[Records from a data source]
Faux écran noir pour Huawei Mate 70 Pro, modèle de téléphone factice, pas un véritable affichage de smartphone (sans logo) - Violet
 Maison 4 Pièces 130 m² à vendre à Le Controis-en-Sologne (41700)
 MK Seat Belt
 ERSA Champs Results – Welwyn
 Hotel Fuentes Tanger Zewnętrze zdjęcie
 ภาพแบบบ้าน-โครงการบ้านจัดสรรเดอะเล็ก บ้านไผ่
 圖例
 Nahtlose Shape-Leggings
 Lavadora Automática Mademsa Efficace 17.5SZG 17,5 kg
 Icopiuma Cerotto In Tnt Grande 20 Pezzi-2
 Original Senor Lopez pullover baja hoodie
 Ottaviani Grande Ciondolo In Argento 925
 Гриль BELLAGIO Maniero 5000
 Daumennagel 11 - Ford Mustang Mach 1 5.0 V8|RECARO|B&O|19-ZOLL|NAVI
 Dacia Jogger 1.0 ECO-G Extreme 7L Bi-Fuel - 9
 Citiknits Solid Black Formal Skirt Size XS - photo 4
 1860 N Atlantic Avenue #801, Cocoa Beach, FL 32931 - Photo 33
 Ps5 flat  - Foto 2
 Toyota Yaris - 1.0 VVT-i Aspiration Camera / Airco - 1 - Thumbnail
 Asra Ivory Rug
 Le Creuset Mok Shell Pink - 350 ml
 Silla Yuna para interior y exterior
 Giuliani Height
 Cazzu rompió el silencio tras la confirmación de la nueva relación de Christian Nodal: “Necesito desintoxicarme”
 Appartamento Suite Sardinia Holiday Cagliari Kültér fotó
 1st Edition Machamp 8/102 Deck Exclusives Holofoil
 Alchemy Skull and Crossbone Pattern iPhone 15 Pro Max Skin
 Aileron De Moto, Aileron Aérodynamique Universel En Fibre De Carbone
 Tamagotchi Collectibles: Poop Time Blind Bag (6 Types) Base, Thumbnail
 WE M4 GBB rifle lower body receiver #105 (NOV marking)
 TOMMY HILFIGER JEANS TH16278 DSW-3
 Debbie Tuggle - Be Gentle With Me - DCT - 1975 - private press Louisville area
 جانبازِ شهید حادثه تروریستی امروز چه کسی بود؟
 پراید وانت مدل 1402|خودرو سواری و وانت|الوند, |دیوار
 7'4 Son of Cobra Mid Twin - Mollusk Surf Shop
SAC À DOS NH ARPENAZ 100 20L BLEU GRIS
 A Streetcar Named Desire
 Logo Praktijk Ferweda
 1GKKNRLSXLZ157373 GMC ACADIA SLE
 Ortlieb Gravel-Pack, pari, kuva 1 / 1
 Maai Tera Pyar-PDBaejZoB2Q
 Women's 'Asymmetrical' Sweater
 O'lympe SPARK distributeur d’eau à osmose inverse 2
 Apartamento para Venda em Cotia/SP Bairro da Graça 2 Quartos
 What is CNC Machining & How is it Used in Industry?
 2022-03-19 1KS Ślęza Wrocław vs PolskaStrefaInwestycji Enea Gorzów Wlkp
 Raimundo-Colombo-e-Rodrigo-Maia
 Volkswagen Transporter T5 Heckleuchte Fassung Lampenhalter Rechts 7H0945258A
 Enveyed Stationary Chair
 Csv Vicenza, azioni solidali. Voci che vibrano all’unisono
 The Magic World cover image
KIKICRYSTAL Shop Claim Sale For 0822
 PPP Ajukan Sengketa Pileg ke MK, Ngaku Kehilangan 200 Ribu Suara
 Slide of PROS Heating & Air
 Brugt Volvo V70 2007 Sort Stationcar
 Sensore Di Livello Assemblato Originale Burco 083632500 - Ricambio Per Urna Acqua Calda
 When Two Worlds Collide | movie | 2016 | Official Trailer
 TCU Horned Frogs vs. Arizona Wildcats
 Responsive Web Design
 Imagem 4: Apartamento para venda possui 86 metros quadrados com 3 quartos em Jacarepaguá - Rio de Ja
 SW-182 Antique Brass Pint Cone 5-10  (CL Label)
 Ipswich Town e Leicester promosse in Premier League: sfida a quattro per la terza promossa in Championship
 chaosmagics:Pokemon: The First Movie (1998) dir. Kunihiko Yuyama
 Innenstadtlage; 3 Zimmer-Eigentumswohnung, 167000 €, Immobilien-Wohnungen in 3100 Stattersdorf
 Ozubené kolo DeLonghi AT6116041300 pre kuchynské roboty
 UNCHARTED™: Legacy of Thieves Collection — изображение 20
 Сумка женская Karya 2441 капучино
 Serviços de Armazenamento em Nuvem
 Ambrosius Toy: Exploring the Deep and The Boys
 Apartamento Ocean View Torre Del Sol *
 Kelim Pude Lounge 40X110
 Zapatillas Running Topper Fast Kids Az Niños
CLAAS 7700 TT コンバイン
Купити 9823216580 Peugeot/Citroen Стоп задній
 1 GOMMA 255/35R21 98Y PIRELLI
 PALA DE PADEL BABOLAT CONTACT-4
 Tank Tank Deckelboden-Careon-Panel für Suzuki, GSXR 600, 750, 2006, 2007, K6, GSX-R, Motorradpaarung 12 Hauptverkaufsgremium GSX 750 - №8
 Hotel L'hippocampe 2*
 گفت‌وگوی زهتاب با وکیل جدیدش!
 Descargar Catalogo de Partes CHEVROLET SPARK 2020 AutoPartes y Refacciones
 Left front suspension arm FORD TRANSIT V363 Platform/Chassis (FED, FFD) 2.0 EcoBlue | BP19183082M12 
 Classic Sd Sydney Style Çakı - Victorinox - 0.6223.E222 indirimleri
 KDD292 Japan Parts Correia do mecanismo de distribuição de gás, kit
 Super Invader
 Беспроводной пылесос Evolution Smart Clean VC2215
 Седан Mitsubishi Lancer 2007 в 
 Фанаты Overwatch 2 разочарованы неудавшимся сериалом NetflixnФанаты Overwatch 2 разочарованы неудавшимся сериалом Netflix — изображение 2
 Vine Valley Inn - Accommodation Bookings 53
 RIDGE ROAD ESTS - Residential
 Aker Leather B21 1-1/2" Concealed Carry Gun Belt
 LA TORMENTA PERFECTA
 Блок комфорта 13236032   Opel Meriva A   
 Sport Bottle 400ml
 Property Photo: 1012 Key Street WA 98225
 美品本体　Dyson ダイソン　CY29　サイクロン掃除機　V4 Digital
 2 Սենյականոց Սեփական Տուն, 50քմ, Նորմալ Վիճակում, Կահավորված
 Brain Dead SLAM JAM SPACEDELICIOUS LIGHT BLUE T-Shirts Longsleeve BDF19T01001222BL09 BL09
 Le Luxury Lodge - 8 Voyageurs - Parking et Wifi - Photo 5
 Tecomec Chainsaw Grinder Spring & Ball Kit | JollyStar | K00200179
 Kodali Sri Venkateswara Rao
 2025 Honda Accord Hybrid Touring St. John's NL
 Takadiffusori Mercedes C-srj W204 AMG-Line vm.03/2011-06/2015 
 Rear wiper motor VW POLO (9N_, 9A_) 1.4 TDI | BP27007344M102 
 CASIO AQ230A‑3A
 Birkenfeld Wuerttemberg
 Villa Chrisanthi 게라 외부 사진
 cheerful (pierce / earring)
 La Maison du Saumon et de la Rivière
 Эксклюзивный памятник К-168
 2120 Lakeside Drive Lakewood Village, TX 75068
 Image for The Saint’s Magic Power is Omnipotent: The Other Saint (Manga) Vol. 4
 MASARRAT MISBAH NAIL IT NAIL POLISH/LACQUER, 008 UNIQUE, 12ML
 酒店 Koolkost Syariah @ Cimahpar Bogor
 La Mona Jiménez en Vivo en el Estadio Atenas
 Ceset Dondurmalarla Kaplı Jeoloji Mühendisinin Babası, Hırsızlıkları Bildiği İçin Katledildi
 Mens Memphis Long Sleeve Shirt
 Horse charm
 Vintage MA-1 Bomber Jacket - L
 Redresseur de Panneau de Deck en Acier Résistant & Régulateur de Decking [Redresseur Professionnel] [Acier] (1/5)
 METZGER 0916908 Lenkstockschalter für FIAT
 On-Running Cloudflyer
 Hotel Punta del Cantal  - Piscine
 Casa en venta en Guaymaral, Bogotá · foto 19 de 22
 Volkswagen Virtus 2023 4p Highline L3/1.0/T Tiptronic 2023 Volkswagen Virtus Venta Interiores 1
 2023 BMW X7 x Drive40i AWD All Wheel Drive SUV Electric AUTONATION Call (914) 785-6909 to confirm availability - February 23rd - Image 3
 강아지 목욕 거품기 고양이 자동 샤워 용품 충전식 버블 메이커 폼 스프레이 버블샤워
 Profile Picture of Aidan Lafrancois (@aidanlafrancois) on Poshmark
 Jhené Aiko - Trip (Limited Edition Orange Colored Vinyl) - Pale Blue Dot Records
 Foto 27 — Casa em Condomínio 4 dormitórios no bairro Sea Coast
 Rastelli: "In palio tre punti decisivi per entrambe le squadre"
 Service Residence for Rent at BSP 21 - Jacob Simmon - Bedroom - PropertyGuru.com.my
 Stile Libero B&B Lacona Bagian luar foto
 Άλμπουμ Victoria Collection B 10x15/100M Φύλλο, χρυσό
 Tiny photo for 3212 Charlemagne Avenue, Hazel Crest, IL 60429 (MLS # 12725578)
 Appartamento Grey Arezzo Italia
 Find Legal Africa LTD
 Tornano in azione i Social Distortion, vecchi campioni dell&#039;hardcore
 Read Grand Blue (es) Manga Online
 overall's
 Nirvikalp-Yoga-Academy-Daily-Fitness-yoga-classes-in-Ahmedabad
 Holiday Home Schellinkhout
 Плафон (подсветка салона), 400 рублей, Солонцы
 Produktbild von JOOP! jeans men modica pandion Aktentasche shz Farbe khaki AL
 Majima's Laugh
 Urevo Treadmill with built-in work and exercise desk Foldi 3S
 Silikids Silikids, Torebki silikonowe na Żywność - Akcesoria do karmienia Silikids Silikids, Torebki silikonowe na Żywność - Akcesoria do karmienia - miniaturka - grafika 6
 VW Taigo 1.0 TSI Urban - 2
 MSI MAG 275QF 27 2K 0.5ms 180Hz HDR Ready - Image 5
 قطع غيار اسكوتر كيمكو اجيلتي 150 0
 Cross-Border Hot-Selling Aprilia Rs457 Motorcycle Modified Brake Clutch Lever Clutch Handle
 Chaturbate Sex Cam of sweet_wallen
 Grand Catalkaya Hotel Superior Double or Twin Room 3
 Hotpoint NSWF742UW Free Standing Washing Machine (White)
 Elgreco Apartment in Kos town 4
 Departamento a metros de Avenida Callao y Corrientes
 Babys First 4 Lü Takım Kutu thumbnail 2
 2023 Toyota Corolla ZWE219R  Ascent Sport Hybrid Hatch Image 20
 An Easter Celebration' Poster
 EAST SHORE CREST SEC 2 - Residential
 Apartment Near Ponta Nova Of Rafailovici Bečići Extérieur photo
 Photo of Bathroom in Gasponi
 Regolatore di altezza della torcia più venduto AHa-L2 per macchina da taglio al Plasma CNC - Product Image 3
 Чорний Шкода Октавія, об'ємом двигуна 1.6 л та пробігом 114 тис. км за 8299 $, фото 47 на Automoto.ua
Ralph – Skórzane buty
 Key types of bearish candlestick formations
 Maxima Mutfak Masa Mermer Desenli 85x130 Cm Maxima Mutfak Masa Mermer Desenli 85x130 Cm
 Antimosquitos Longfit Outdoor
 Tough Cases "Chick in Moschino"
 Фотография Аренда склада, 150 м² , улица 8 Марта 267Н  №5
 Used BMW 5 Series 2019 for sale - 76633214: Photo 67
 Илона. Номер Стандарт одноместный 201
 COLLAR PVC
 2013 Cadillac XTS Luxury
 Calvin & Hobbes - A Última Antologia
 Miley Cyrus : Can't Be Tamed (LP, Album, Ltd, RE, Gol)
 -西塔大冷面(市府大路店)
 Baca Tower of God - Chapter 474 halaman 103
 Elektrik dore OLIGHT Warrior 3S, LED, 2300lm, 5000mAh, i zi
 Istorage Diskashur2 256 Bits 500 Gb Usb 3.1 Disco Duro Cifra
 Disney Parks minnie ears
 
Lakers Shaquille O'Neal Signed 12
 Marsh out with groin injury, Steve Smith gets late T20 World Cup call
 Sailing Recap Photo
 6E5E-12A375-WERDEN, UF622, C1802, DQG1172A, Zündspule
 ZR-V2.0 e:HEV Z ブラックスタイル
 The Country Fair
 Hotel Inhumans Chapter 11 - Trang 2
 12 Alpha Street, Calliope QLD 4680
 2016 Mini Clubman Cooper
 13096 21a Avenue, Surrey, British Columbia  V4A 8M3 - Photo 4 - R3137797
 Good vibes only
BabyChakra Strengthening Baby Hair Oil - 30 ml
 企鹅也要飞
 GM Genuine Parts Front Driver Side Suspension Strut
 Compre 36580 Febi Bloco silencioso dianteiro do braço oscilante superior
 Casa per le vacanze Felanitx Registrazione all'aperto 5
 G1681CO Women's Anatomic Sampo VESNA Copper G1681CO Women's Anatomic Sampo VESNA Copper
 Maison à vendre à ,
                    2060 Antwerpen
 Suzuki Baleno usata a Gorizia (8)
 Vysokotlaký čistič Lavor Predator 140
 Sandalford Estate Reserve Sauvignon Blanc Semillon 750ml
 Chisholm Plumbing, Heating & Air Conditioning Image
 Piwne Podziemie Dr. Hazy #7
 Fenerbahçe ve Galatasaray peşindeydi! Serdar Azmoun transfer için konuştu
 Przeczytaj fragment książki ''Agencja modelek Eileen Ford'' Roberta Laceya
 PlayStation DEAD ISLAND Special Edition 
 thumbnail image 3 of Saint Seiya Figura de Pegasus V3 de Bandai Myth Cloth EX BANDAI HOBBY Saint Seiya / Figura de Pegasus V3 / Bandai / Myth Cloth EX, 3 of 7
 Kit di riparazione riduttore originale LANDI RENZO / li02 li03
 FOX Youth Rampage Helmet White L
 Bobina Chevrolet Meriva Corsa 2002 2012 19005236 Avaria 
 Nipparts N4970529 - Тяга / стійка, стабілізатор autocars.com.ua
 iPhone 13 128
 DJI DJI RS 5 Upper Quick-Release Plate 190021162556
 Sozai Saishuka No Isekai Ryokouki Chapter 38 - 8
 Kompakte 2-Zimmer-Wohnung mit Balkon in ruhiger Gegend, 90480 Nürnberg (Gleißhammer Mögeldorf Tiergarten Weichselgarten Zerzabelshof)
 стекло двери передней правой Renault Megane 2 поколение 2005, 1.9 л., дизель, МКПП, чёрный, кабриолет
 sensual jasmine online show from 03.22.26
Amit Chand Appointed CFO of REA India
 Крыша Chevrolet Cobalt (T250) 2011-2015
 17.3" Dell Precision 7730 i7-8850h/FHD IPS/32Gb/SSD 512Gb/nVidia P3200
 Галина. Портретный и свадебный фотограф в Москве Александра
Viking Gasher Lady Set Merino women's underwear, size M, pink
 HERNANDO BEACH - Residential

● Problem statement
An exact copy of the lines above between the line holding "Беспроводной пылесос Evolution" and the line holding "酒店 Koolkost Syariah @ Cimahpar Bogor", inclusive, is the whole answer.

● Response for this exercise
 Беспроводной пылесос Evolution Smart Clean VC2215
 Седан Mitsubishi Lancer 2007 в 
 Фанаты Overwatch 2 разочарованы неудавшимся сериалом NetflixnФанаты Overwatch 2 разочарованы неудавшимся сериалом Netflix — изображение 2
 Vine Valley Inn - Accommodation Bookings 53
 RIDGE ROAD ESTS - Residential
 Aker Leather B21 1-1/2" Concealed Carry Gun Belt
 LA TORMENTA PERFECTA
 Блок комфорта 13236032   Opel Meriva A   
 Sport Bottle 400ml
 Property Photo: 1012 Key Street WA 98225
 美品本体　Dyson ダイソン　CY29　サイクロン掃除機　V4 Digital
 2 Սենյականոց Սեփական Տուն, 50քմ, Նորմալ Վիճակում, Կահավորված
 Brain Dead SLAM JAM SPACEDELICIOUS LIGHT BLUE T-Shirts Longsleeve BDF19T01001222BL09 BL09
 Le Luxury Lodge - 8 Voyageurs - Parking et Wifi - Photo 5
 Tecomec Chainsaw Grinder Spring & Ball Kit | JollyStar | K00200179
 Kodali Sri Venkateswara Rao
 2025 Honda Accord Hybrid Touring St. John's NL
 Takadiffusori Mercedes C-srj W204 AMG-Line vm.03/2011-06/2015 
 Rear wiper motor VW POLO (9N_, 9A_) 1.4 TDI | BP27007344M102 
 CASIO AQ230A‑3A
 Birkenfeld Wuerttemberg
 Villa Chrisanthi 게라 외부 사진
 cheerful (pierce / earring)
 La Maison du Saumon et de la Rivière
 Эксклюзивный памятник К-168
 2120 Lakeside Drive Lakewood Village, TX 75068
 Image for The Saint’s Magic Power is Omnipotent: The Other Saint (Manga) Vol. 4
 MASARRAT MISBAH NAIL IT NAIL POLISH/LACQUER, 008 UNIQUE, 12ML
 酒店 Koolkost Syariah @ Cimahpar Bogor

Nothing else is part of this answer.